Maybe KWalter will tune in, to answer why he put those boats in that category.

Back to the OP issue:

Do you have access to empty the bilge? There should be some way to get water out. If so, then just cover the whole with whatever you want.


----------



## Bfranchini (Sep 17, 2014)

I have a bronze drain plug in the stern and I will be installing a hatch on the bulkhead, just in case, I can also acces the bilge from the rear of the cabin. 
I was considering using the space to store the anchor rode by installing a small hatch on the deck as well... , the anchor itself could be secured to the pulpit. I find it a little cumbersome having to carry the anchor to the bow every time I want to lower it, it's a small boat and it's a little complicated to move carrying heavy things, perhaps this might be a solution as long as I keep the hatch closed while sailing. And the anchor hanging from the pulpit will give her a more "grown up" look


----------



## Barquito (Dec 5, 2007)

The anchor hanging from the pulpit may also throw the balance of a little. When you anchor, you could just lower it from the cockpit.


----------



## MarkSF (Feb 21, 2011)

Yes, I was also wondering if the very heavy rudder stock was intended to weigh down the stern, to make up for all the weight they added up front with the cuddy?

So is the centreboard weighted at all? Some people used to replace Wayfarer wooden centreboards with heavier ones.


----------



## Bfranchini (Sep 17, 2014)

Sorry For the delay and thank you for your interest.I was away for a while.
The centerboard is made out cast steel and weighs over 150 lbs or so. I haven't exactly weighed it myself but the weight is specified on a couple of specs on line. Judging by the effort used to raise it I would say it's between 100 and 200 lbs easy. It works almost like fixed keel because the other day we caught a bit of wind an the boat never capsized in spite of the fact that I was holding on to the mainsheet to keep my balance  while screaming to my other inexperienced crew member "how do you stop this f'n thing?", I never read beyon chapter five on Sailing for Dummies!
Just thought I'd share this because it was funny and laughed about it all the way home


----------



## newhaul (Feb 19, 2010)

You learned how to stop didnt ya and had fun at it :laugher:laugher:laugher
And it all ended well. That's what its all about


----------



## MarkSF (Feb 21, 2011)

Yes if it's gusty you should keep the mainsheet AND jib sheet in your hand and be ready to release them quickly.

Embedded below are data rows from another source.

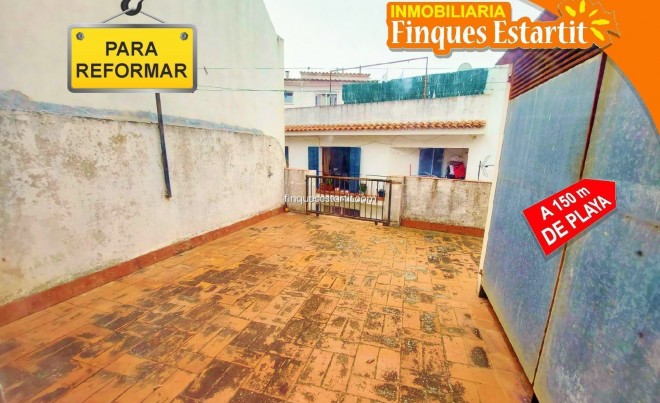 Apartamento / Piso · Venta · Roses · Roses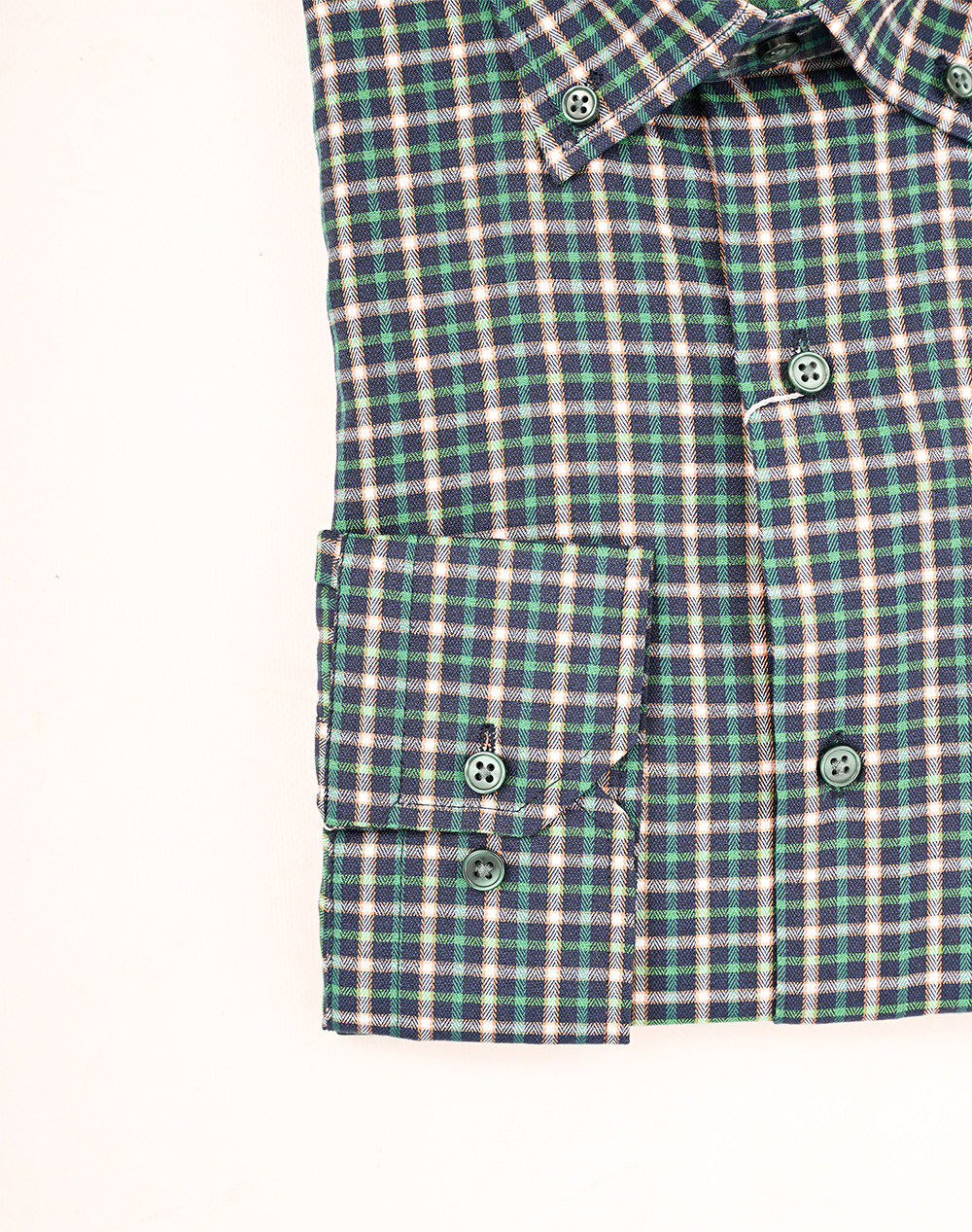 LEXTON РИЗА 50% COTTON-50% POL.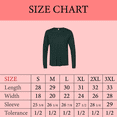 thumbnail image 5 of BELLA + CANVAS Men Long Sleeve T-Shirt, Crew Neck Printable blank Tee, Emerald Triblend, 6-Pack, L, 5 of 6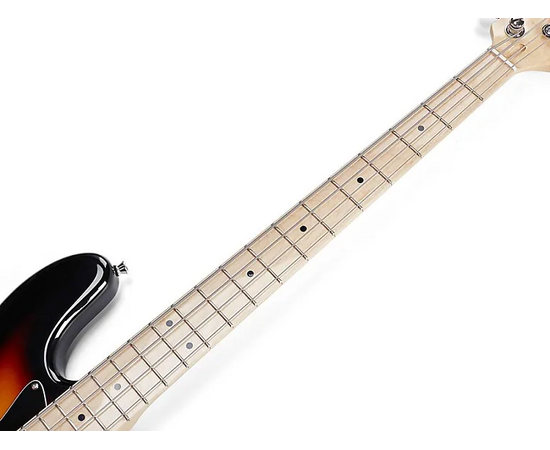 Бас-гитара SX SBM1/3TS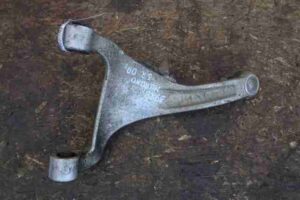 Изображение товара 43933 - 00043933 rychag zadnij pravyj verkhnij Lexus LS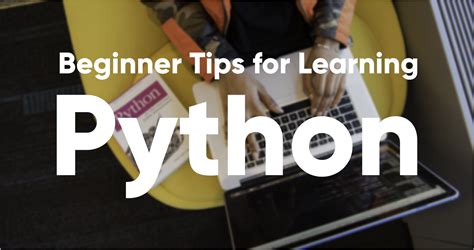 can i learn python as a beginner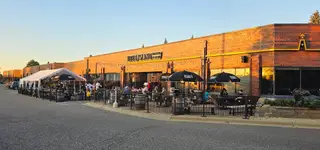 Boom Island Brewing Company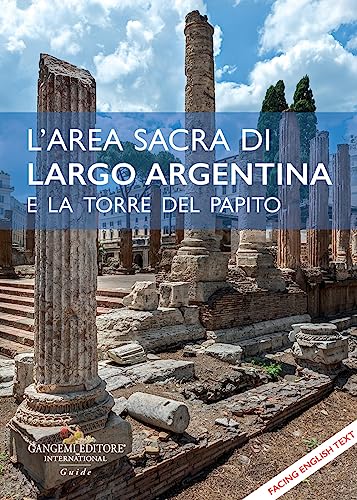 Beispielbild fr L AREA SACRA DI LARGO ARGENTIN (Italian) zum Verkauf von Brook Bookstore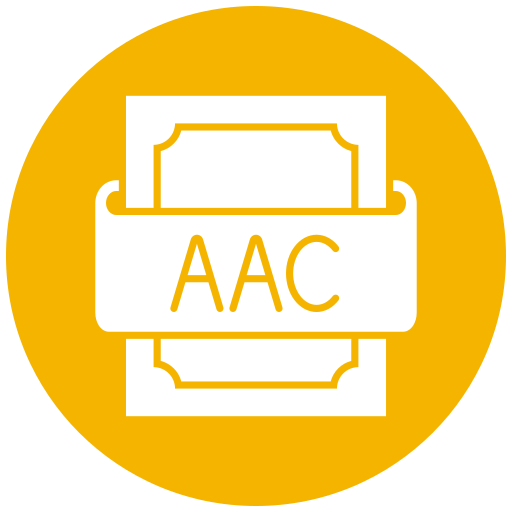 aac Generic Mixed icon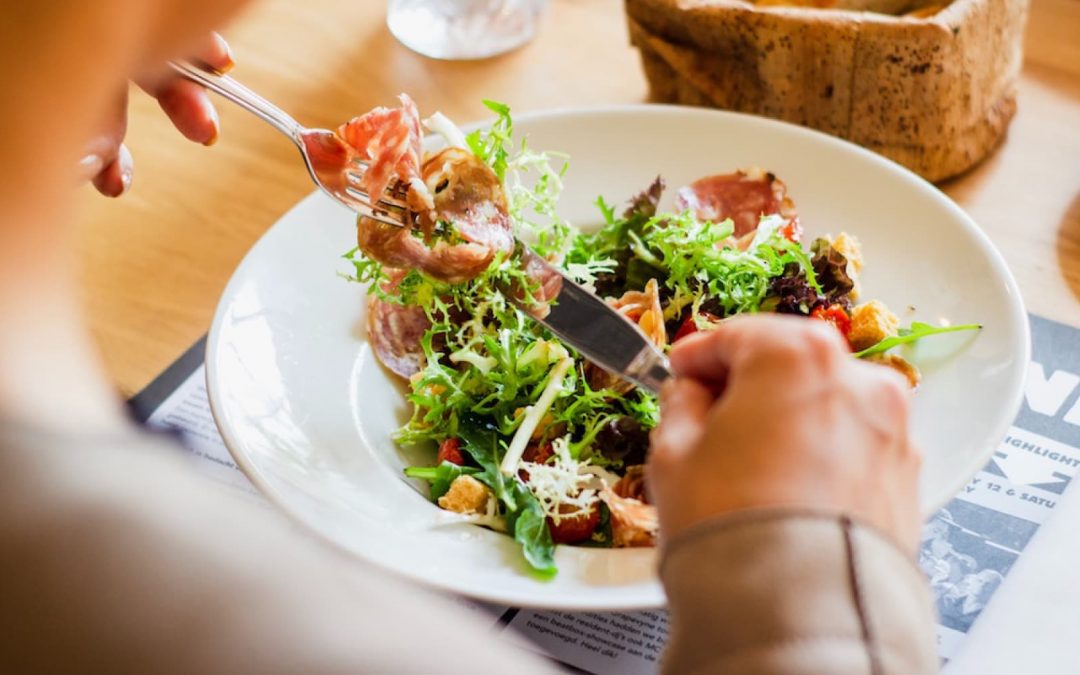 How To Calculate Macronutrients For Your Body Type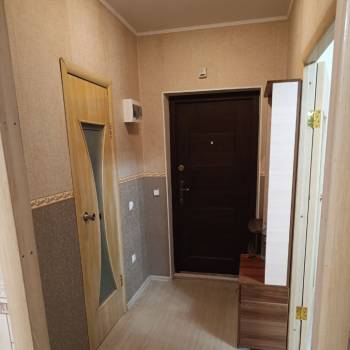 Сдается 1-комнатная квартира, 41 м²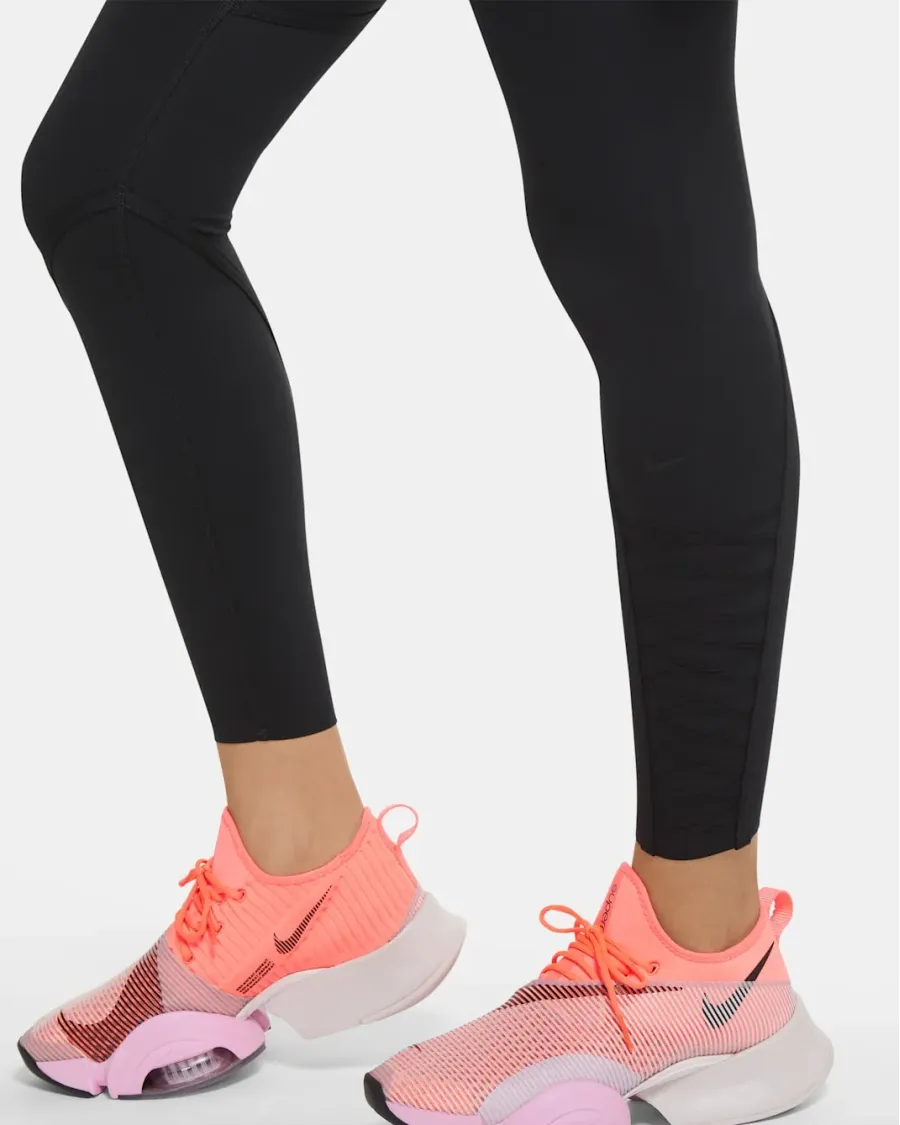 Легінси Nike One Luxe 7/8 Tight CZ9932-010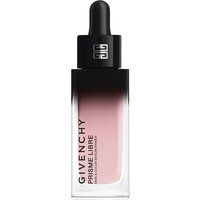 Givenchy - Prisme Libre Skin & Color Serum Primer – Korekcja Matowości I Rozświetlenie - Pink + Vitamin C (30 ml) - Dla Kobiet. Bazy pod makijaż Givenchy. Za 285.00 zł.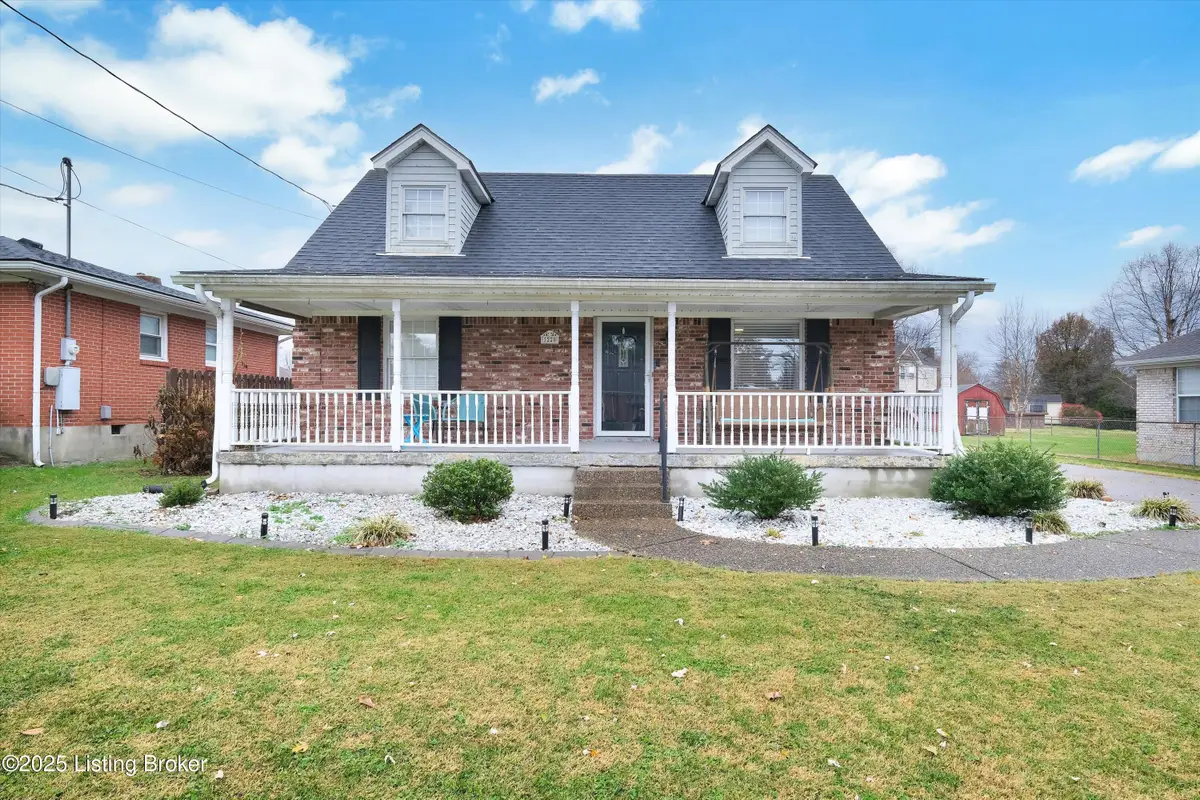 3220 Cardinal Ave, Shepherdsville, KY 40165 - Image #1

I had to make some adjustments to the angle of the cam cleats on my Wayfarer, so that the sheets easily could be freed. You want them to pop out of the cleat when you lift them a little.

Most Wayfarer capsizes are associated with the use of large headsails, ie genoas, in gusty conditions. A large genoa does work like a great parachute. I used a 90% jib mostly, and the boat was very stable in gusts.


----------



## Bfranchini (Sep 17, 2014)

Well, we didn't quite stop... I turned the boat into the wind and it did stop...for a while until the wind caught the other side of the sail and we started going at full tilt the opposite way!! Finally my fearless son in law, a Marine versed in the lore of seamanship, lowered the sail and then we stopped!! Definitely taking lessons in the spring! I love sailing!


----------



## MarkSF (Feb 21, 2011)

If you want to stop, you should learn to heave to. In a small boat, it's particularly useful while you adjust something, top off the gas in the outboard, eat a sandwich, or whatever. The good news is that my Wayfarer heaved to extremely nicely.


----------



## Bfranchini (Sep 17, 2014)

Hi Mark Andy thank you for the advice. Seriously, it must be quite a stable boat since the water was almost at the gunwales but it wasn't going beyond that. The Jib I have is not overly large and I have learned to furl it in a strOng wind, which for me is about 6 knots... Just getting used to the whole thing. This year it's Lake St. Louis, Cape Horn will have to wait.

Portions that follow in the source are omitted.